• [What you are asked to do]: From the entries below, retype only the lines from the one with "Tủ lạnh 4 cánh" through the one with "Victorian Floral White Dress", exactly as written.

• [Material supplied]:
■ ■ ■ ■

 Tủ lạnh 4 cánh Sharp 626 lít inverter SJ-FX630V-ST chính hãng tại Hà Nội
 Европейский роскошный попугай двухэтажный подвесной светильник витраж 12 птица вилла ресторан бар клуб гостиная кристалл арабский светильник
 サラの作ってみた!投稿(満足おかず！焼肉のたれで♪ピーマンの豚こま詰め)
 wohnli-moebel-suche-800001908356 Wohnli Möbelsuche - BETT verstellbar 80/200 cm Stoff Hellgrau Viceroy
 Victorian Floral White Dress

■ ■ ■ ■

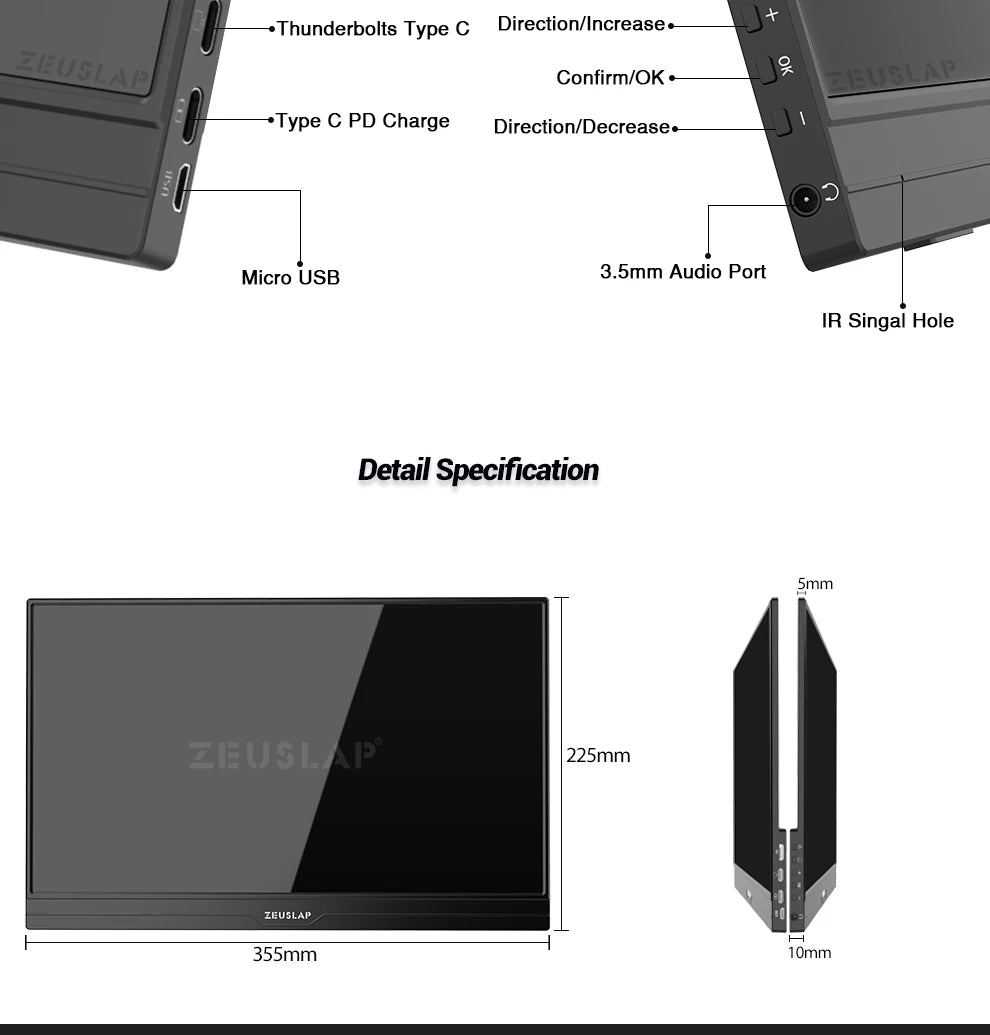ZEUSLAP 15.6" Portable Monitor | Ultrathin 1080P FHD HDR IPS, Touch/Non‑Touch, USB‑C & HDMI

■ ■ ■ ■

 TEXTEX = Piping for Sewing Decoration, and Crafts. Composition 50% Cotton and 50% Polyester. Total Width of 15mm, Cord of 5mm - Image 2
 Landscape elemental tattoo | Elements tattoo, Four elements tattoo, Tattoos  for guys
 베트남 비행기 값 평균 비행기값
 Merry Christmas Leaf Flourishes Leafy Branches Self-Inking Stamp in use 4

■ ■ ■ ■

• [Response to the exercise]:
 Tủ lạnh 4 cánh Sharp 626 lít inverter SJ-FX630V-ST chính hãng tại Hà Nội
 Европейский роскошный попугай двухэтажный подвесной светильник витраж 12 птица вилла ресторан бар клуб гостиная кристалл арабский светильник
 サラの作ってみた!投稿(満足おかず！焼肉のたれで♪ピーマンの豚こま詰め)
 wohnli-moebel-suche-800001908356 Wohnli Möbelsuche - BETT verstellbar 80/200 cm Stoff Hellgrau Viceroy
 Victorian Floral White Dress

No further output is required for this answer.